Wine: Sake - clear and unfiltered
Food: Miso-marinated broiled salmon (1), soy-braised hijiki and carrots (2), tosa sea salad (3), miso soup (4), field greens with ginger dressing (5), and rice.
We know nothing about sake, but it hardly seemed appropriate to have regular wine with this dinner. We remembered liking the cloudy, unfiltered sake when we tried it with Margo, but we picked up some clear stuff to be safe. It’s a good thing too; George liked her unfiltered so much that I had to drink it for her. Actually, she didn’t finish her clear sake either. Poor me. The unfiltered was noticeably sweeter than the clear, and that’s pretty much the limit of my ability to characterize it. Apparently you can’t just grab two random bottles of sake from the shelf. I’ll just have to “study” more.
The food was a far greater success. We stuck to a traditional Japanese theme: several small, artfully prepared dishes centered around fish and sea vegetables. If we wanted to be truly authentic we would have used only seasonal ingredients. Here in SoCal, everything is always in season. The salmon, which marinated in miso and mirin, was pleasently sweet and salty, and charred just enough to caramelize. The hijiki (some sort of sea vegetable popular in Japan) was the most time consuming thing to prepare, but it was the most Japanese tasting dish on the table. The tosa sea salad consisted of Japanese cucumber, wakame (sea alga), radish sprouts, and homemade Japanese vinagrette. We livened up the miso soup with some tofu, enoki mushrooms, wakame, and a Japanese fish sauce.

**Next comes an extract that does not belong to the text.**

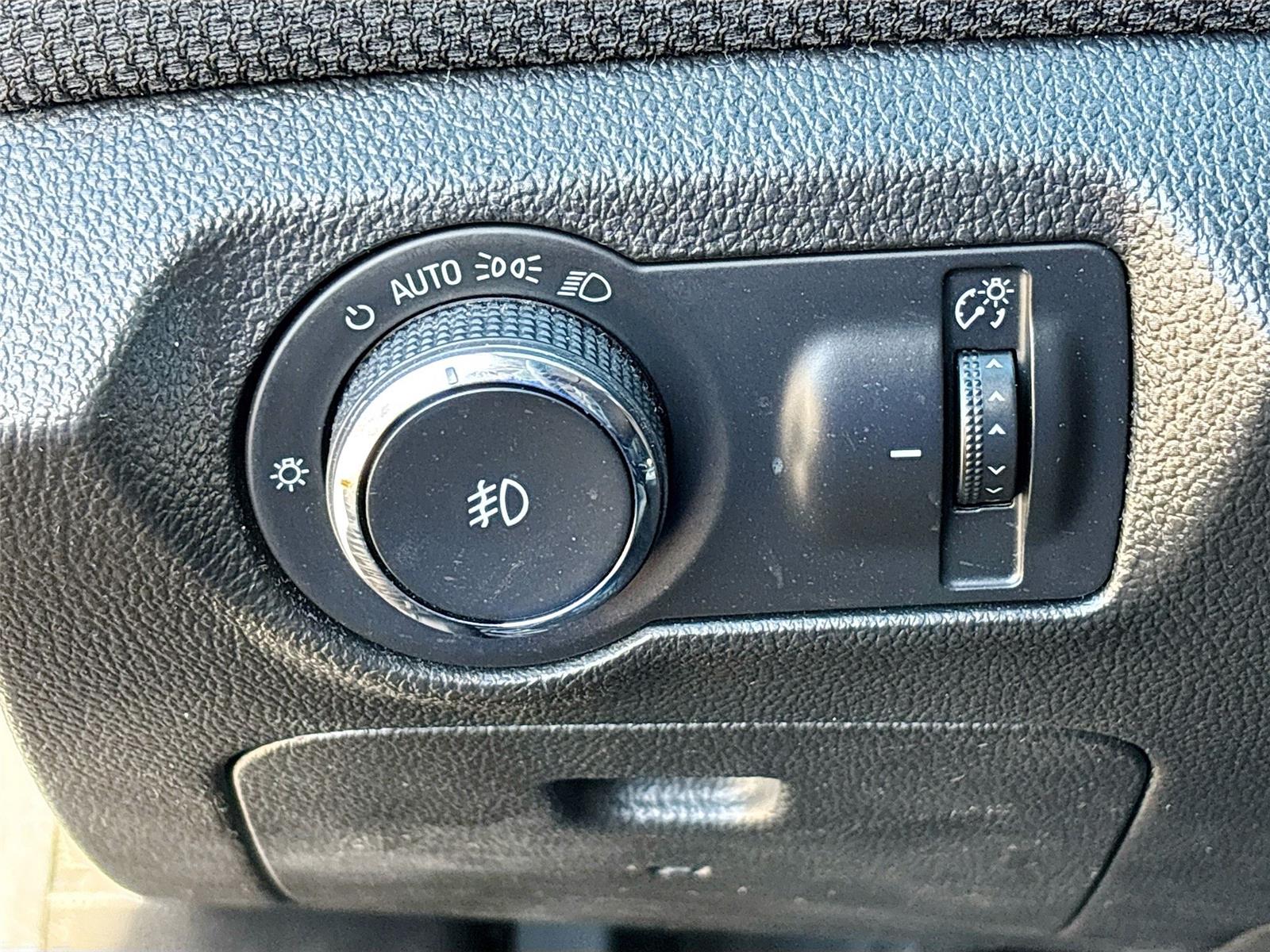 2016 Chevrolet Cruze Limited LTZ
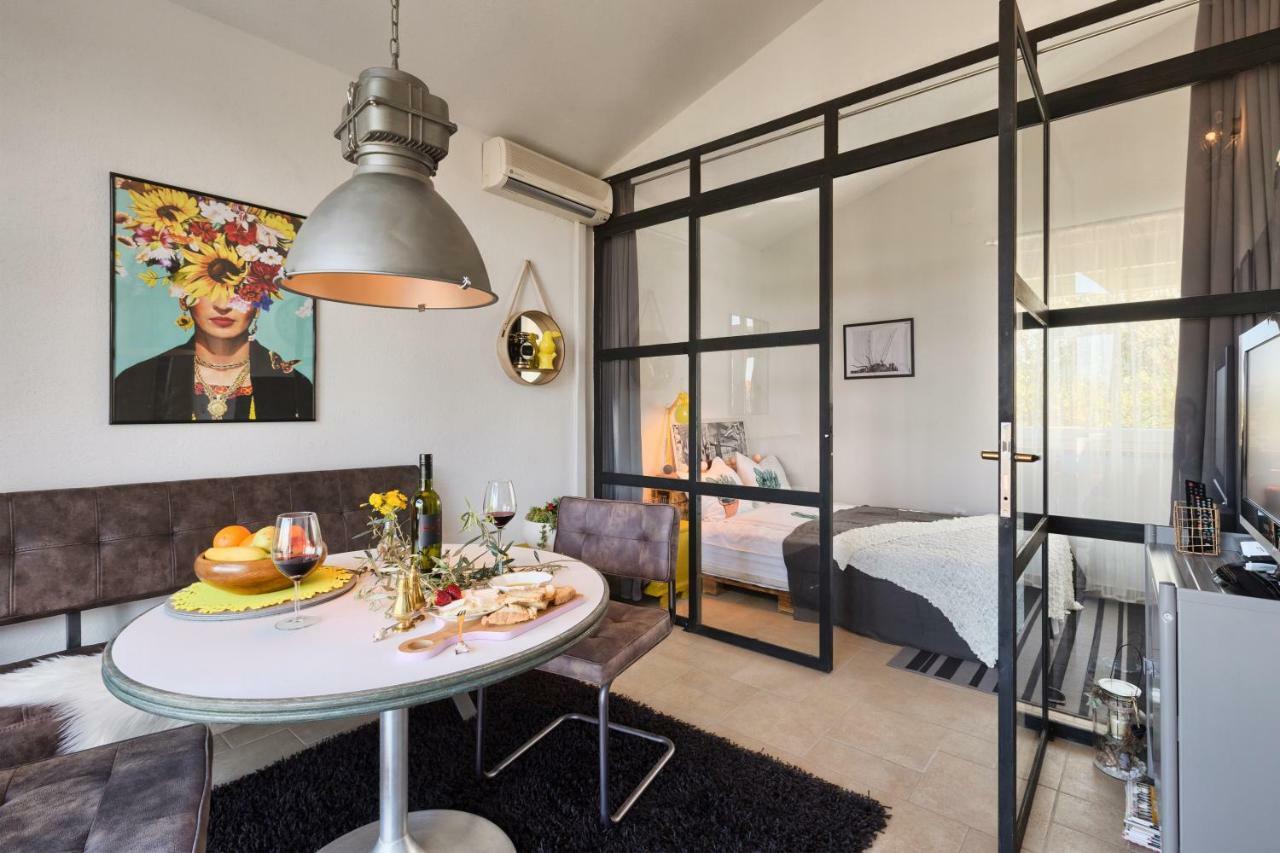 Villa Marizella Premantura Ngoại thất bức ảnh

If you’re interested in making this kind of food, we highly recommend the book Washoku: Recipes from the Japanese Home Kitchen. It explains everything in great detail. The first section of the book familiarizes you with the ingredients used in the recipes, so cooking is more than just blindly following directions. In that sense, it’s somewhat like I’m Just Here for the Food, another fantastic book to have in the kitchen.